ホームグラウンドの神保町よしもと漫才劇場の前で(写真:『ひまができ 今日も楽しい 生きがいを』より)
厚生労働省の調査によると、2023年6月時点で70歳以上まで働ける制度がある企業は約10万社とのこと。社会が「人生100年時代」に向けて変化する中で、自発的に働く高齢者の方もいます。今回紹介するのは、77歳で芸歴5年の若手芸人「おばあちゃん」。おばあちゃんは在学中、「あまりでしゃばらないように気をつけていた」そうで――。

膝に爆弾を抱えた71歳

勘違いだらけの入学式を経て、いよいよNSCでの生活が始まります。若い人たちに交じって、1年間ちゃんとやっていけるのか、不安と期待を胸に授業初日を迎えたわけですが、まずは“あの”難関が待っていました。

勘のいい読者の方はお気づきかもしれませんが、そう「階段」です。

ビルの6階まで階段をのぼれることが入学の条件のひとつでした。

では膝に爆弾を抱えた71歳が無事、のぼれたのかというと……。

はい、のぼれました!

なぜなら、ビルの階段は人ひとりが通るのにやっと、というくらい幅が狭く、かつ両脇に手すりが設置されていたからです。両手で掴(つか)みながら歩けるので、のぼり下りはそれほど苦になりませんでした。

かといって、若い人たちのようにスタスタのぼれるわけではありません。牛歩のごとく、えっちらおっちら。私のペースで進んでいると、気づけば後ろに生徒たちが大名行列のように連なっているではないですか。

このままではマズいと授業2日目で気づいて以来、授業開始よりもだいぶ早い時間に着くように家を出発することにしました。

そのため、いつも一番乗り。事務所の方たちの出勤前に到着しているものですから、階段の踊り場で事務所が開くのを待ったものです。

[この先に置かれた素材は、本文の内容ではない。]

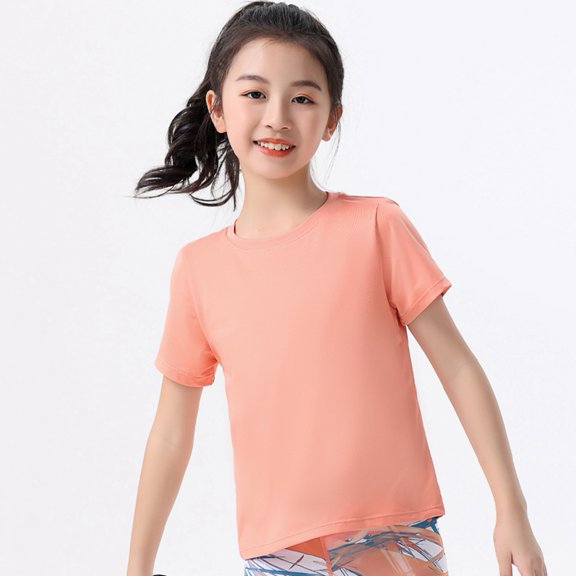 GYRATEDREAM Girls Athletic Shirts Short Sleeve Quick Dry Crewneck Tee Activewear Performance Tops for Kids Teens , 5-6 Years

また、私は荷物が多くなりがちで、リュックサックを背負い、キャリーケースをガラガラと引くのが毎度のこと。さすがに両方を持ってひとりで階段をのぼるのは老体には不可能でした。

近くに誰かいれば、皆さん手伝ってくださいます。そうではない時は、先にリュックサックを置きに上がったら、階段を下りて、今度はキャリーケースを手に再び運ぶ……と、階段を往復することもありました。

実はそれが、ものすごくいい運動になったんです。会費を払ってスポーツジムなどに行かずとも体重が減り、筋肉や体力がつきました。おかげで、定年後に手術した膝の調子は今でも良いままです。